The enhancement in the third version is that it is speech enabled for use by the visually handicapped in most Indian languages and also English, with options for speech echo letter by letter, word by word, line by line, or of a whole file. Pitch and speed of speech can be adjusted. The DOS version is carried on a single Floppy Disk and can work
even on a PC-XT. The Win-95 version is carried on two Floppy Disk and can work even on an entry level OC-486. The Enhanced Win-95 requires 50 MB of Hard Disk storage for the Package, and will work on a Pentium with a speed of 133 MHz of over, with RAM of 32 MB or over, together with a sound card and speakers.

    A phonetic code design makes it possible for the Package to be extended virtually to any language. The DOS version supports Devanagari (for Hindi and Sanskrit), Gujarati, Bengali, Assamese, Oriya, Punjabi, Tamil, Telugu, Malayalam, Kannada, Grantha, Greek, Hebrew, Japanese and IPA. (The last item is the standard International Phonetic Alphabet for diacritised English representation of non-English text). For want of acceptable fonts, some of the above languages are not yet supported in the Windows versions. Support for the Urdu script is expected shortly. All three versions follow a uniform file format, making the files transportable between all the versions.

    Utilities are available to convert an ASCII file to the file formats used by these versions of the Language Editor. Utilities are also available for adopting other popular keyboard layouts and for conversion to or from ISCI file formats used by other Editor Packages. Finally, it must be noted that this Software Package forms part of a continuing commitment of the IIT Madras to the cause of multi-lingual communicaion, literacy and education in the country. Though today, it's synthesised speech output of the Enhanced Windows Version is monotone, it is clear enough and has been hailed as a new dawn by the blind of different language groups in the country, who do not know English. Work continues on improving the speech quality by adding the inflections and overtones that will make it closer to natural speech.

    In due course it will also become possible, for people to speak to or give instructions to the computer in the Indian languages.

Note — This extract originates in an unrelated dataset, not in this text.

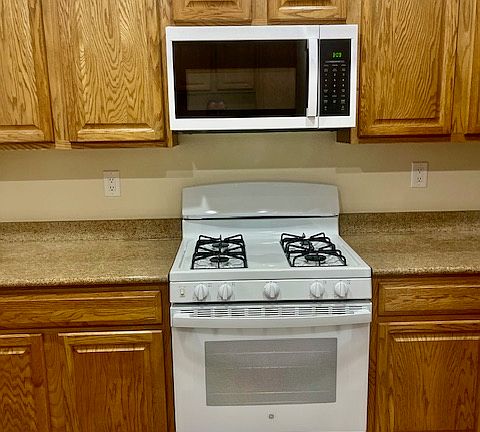 3rd image of 7208 Bombay Reef Ct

Web sites and web browsers for Indian language content, online multi-lingual dictionaries, automated language translators, local language interfaces to business applications, programming in Indian languages etc are all in the pipe line. The great hope for India is that a national educational institution of eminence
like the IIT Madras is committed to the fulfilment of this national vision, as repayment of a social debt through thr free spread of learning in the highest of Indian tradition. This vision is as important to the sighted as to the blind, especially those constitutiing the rural masses of India who live below the poverty line.